Imagen: Sarah Gonzales
Hablas con J, tu amiga de estos años. Nunca has construido amistad por fuera de la institución académica, toda tu vida ha sido en la escuela, te entristece porque sabes que tus relaciones se limitan a los años que dura el curso. Aun así, J está ahí, buscas ese asidero, ella también lo busca, se encuentran. Vienen los temas cotidianos; escuela, trabajos, relaciones, familia, sueños, proyectos. Las dos están aprendiendo a hablar, las dos están aprendiendo a escuchar, las dos están creando un nuevo lenguaje amoroso. Sobre todo, sientes que las dos están dispuestas y te alegras infinitamente.
Te sientes asombrada, te das cuenta de la rapidez con la que hablas, tus palabras te atropellan, te entrenaron para hablar de esta forma, corriendo, porque alguien sí o sí iba detrás tuyo. Aquí notas que ella no te interrumpe, que ella te mira a los ojos, que ella asiente, está atenta, notas que tu respiración al hablar empieza a cambiar, tomas pausas que ella entiende, sabe cuáles son pausas momentáneas en lo que sigues articulando palabras, sabe cuáles son pausas para escucharla. Ella también se sorprende, lo notas en su mirada, piensa que vas a callarla, a ignorarla o a juzgarla, no haces nada de esto. Tú estás escuchando con toda tu cuerpa mientras ella habla. Sí vas pensando en qué cosas podrías contestar, pero no te encapsulas en tus propias historias sin dar cabida a las de ella, enriquecen los relatos con las experiencias de ambas, sin dejar de tener presentes sus historias, sus sentires, sus anhelos.
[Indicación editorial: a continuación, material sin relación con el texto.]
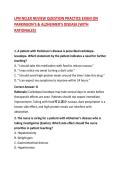 LPN NCLEX REVIEW QUESTION PRACTICE EXAM ON PARKINSON'S & ALZHEIMER'S DISEASE &lpar;WITH RATIONALES&rpar;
Se ríen, lloran, se quedan hasta la madrugada haciendo críticas al sistema educativo, hablando de las relaciones, de lo misterioso que resulta pensar en que estamos suspendidas en el Universo. Hablan y escuchan hasta quedar dormidas, tú en la litera de arriba, ella en la de abajo… y aun cuando sus ojos no se abren, pero ya regresaron de la tierra onírica, lo primero que hacen es hablar y escucharse.
Imagen: Meg
Ella te dice que ha soñado con un león que la persigue y la quiere devorar, piensan juntas qué podría significar, luego tú le cuentas que te mecías en la luna, “era una sensación muy poderosa, me sentía acompañada, contenida y amada” …
Tu nota ha desmoronado mi corazón
Mi gran defecto no saber oir.
Lloro.
Mi posibilidad, elegir aprender a hacerlo.
Gracias
Me has transportado a toda mi vivencia de búsqueda de escucha, de conexión emocional, a veces me pasa que me digo a mi misma porque yo puedo escuchar y conectar con otras, pero cuando yo necesito que me escuchen se me hace difícil encontrar a alguíen, pero siempre está esa amiga talvez de lejos, por las redes, gracias por compartir.
¡Qué magnífico texto! Creo que a quien describes somos muchas. Me movió muchas cosas, gracias por escribir.
Me voló la cabeza. Lloro, me identifico, Que ganas de ser escuchada y que ganas de escuchar.